DATA EXCERPTS:
-- Opening Marker --
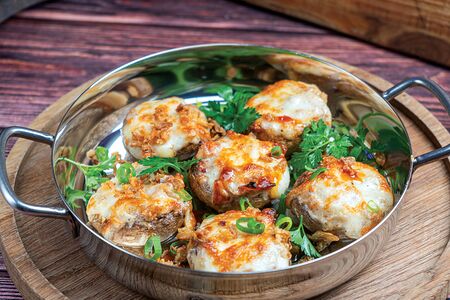 Шляпки шампиньонов, фаршированные беконом и томатами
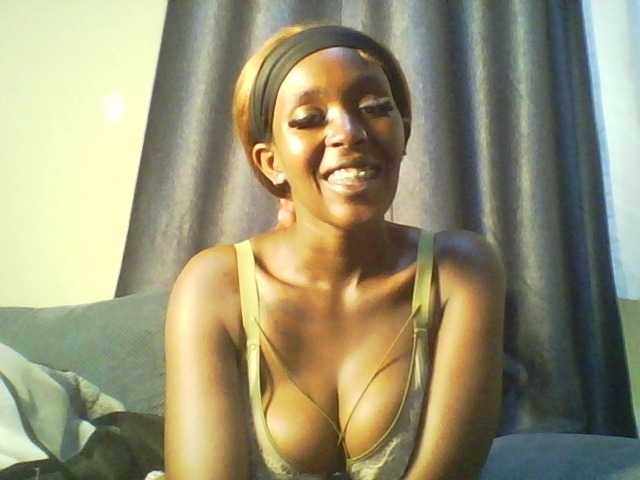 Betsy3 live cam on BongaCams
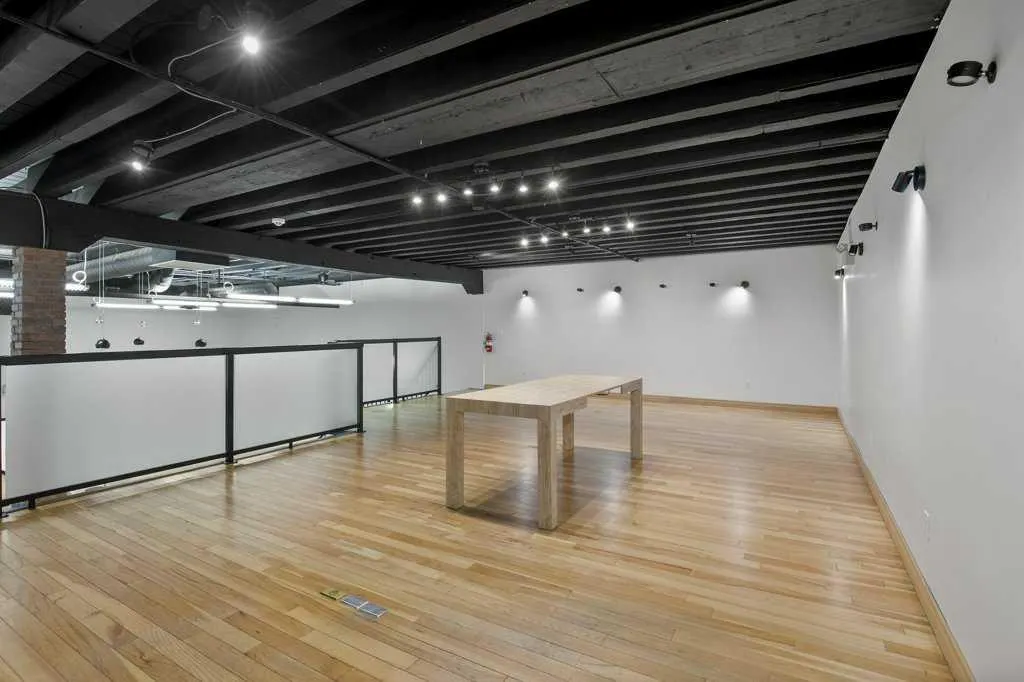 5301 43 Street #116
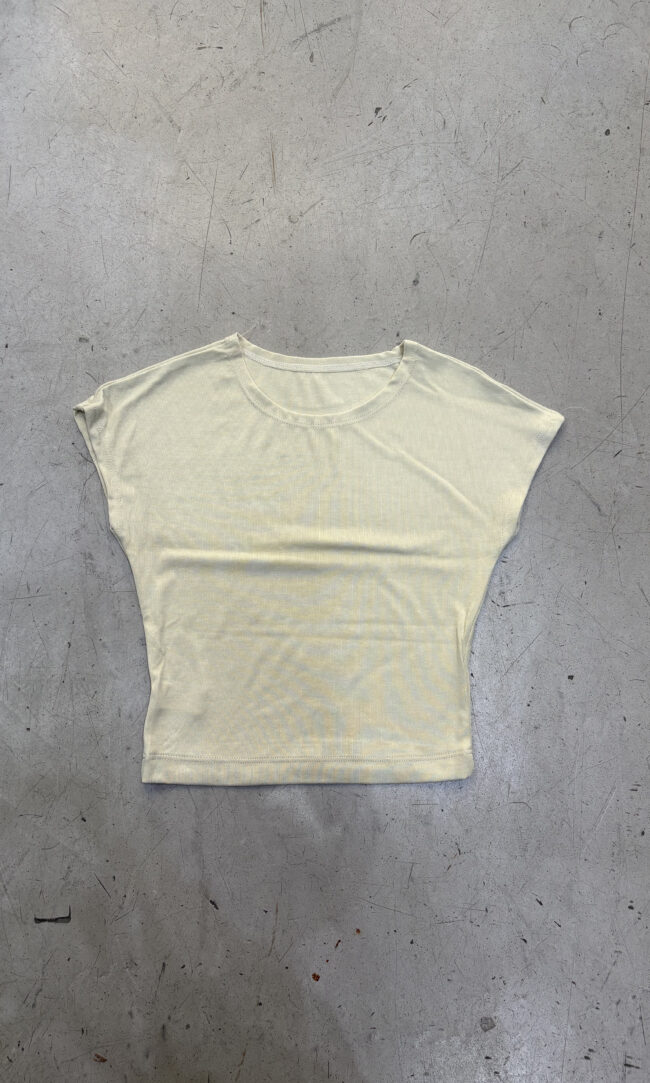 REMERA NAYEA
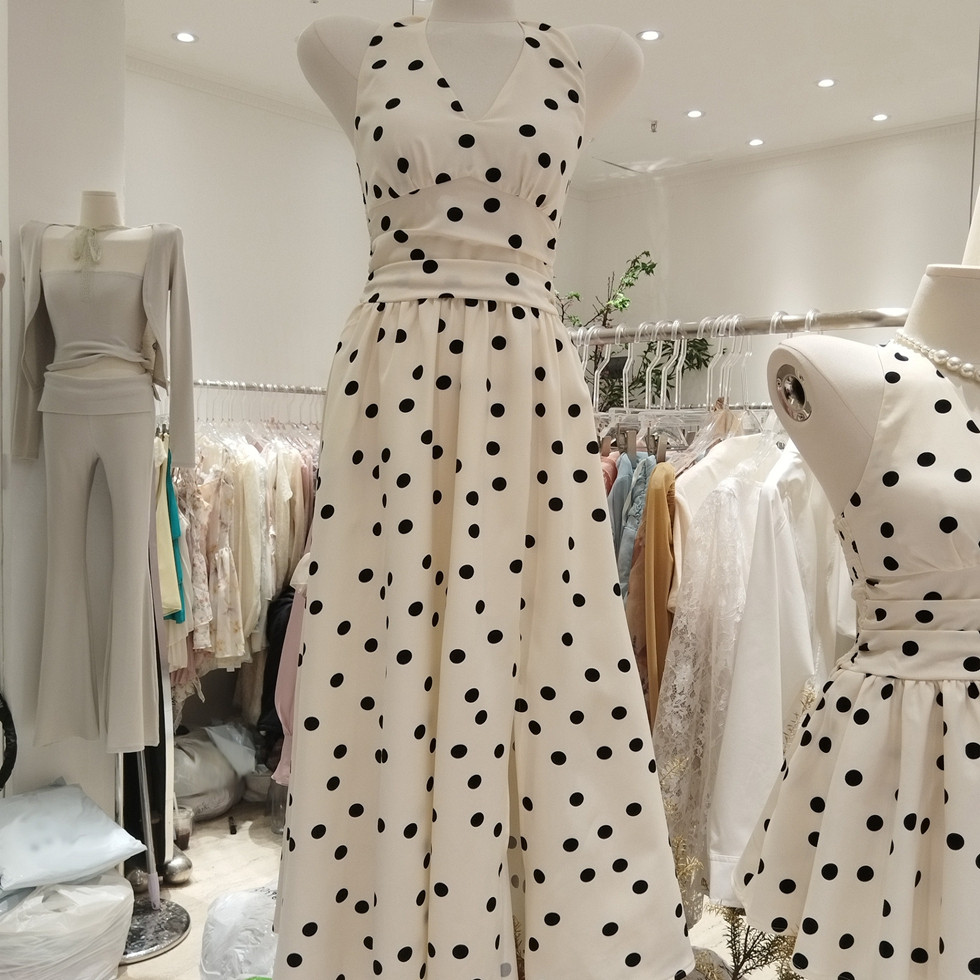 法式设计感波点挂脖连衣裙女高级感气质百搭蝴蝶结收腰吊带长裙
-- Closing Marker --
Could you print all the entries exactly as they stand, with the pictures left out?

 Шляпки шампиньонов, фаршированные беконом и томатами
 Betsy3 live cam on BongaCams
 5301 43 Street #116
 REMERA NAYEA
 法式设计感波点挂脖连衣裙女高级感气质百搭蝴蝶结收腰吊带长裙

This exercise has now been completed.